Please transcribe the data that follows exactly as given, leaving out every picture.

+++ Dataset extract +++

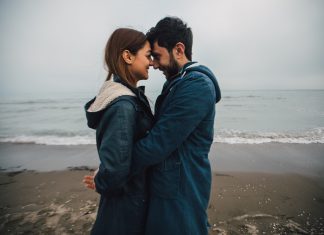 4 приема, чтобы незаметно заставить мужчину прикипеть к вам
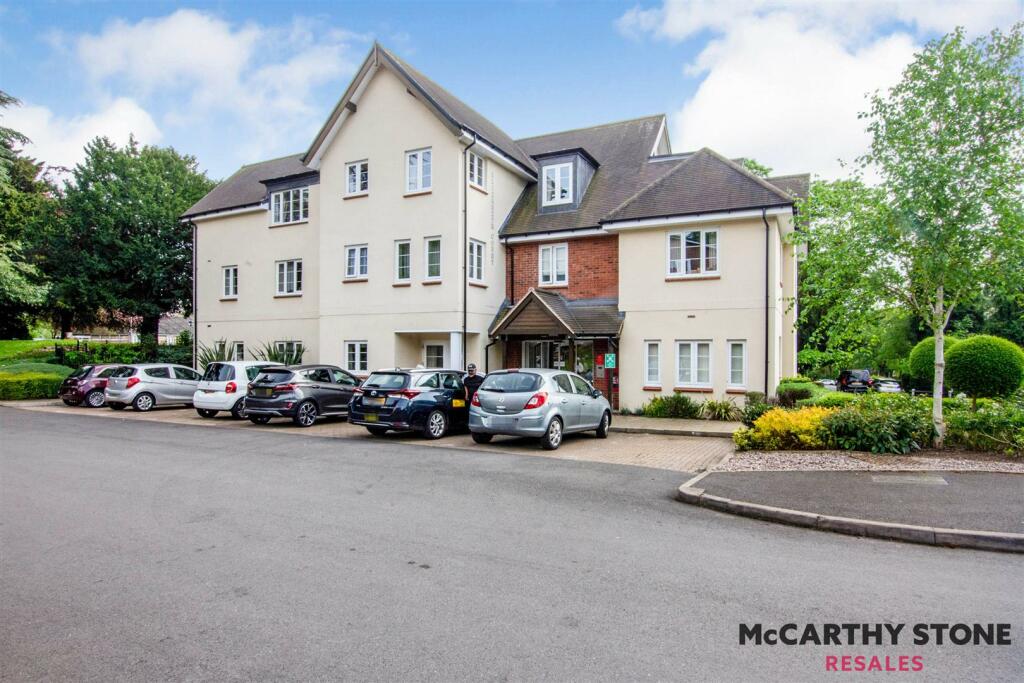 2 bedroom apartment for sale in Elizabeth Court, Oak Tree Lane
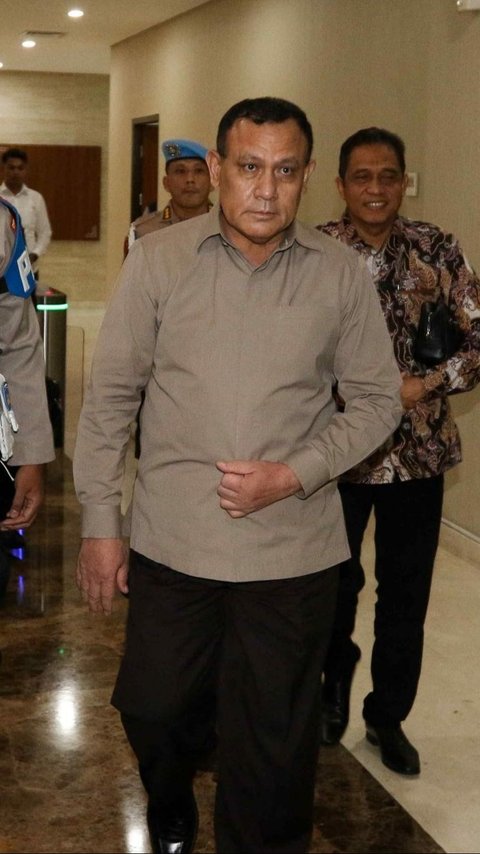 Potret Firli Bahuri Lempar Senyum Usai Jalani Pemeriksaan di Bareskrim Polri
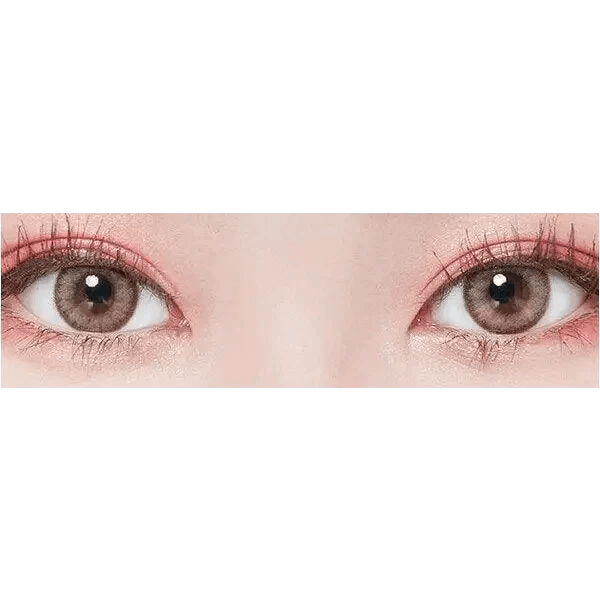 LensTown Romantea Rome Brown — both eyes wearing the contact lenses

+++

# Answer to this exercise
 4 приема, чтобы незаметно заставить мужчину прикипеть к вам
 2 bedroom apartment for sale in Elizabeth Court, Oak Tree Lane
 Potret Firli Bahuri Lempar Senyum Usai Jalani Pemeriksaan di Bareskrim Polri
 LensTown Romantea Rome Brown — both eyes wearing the contact lenses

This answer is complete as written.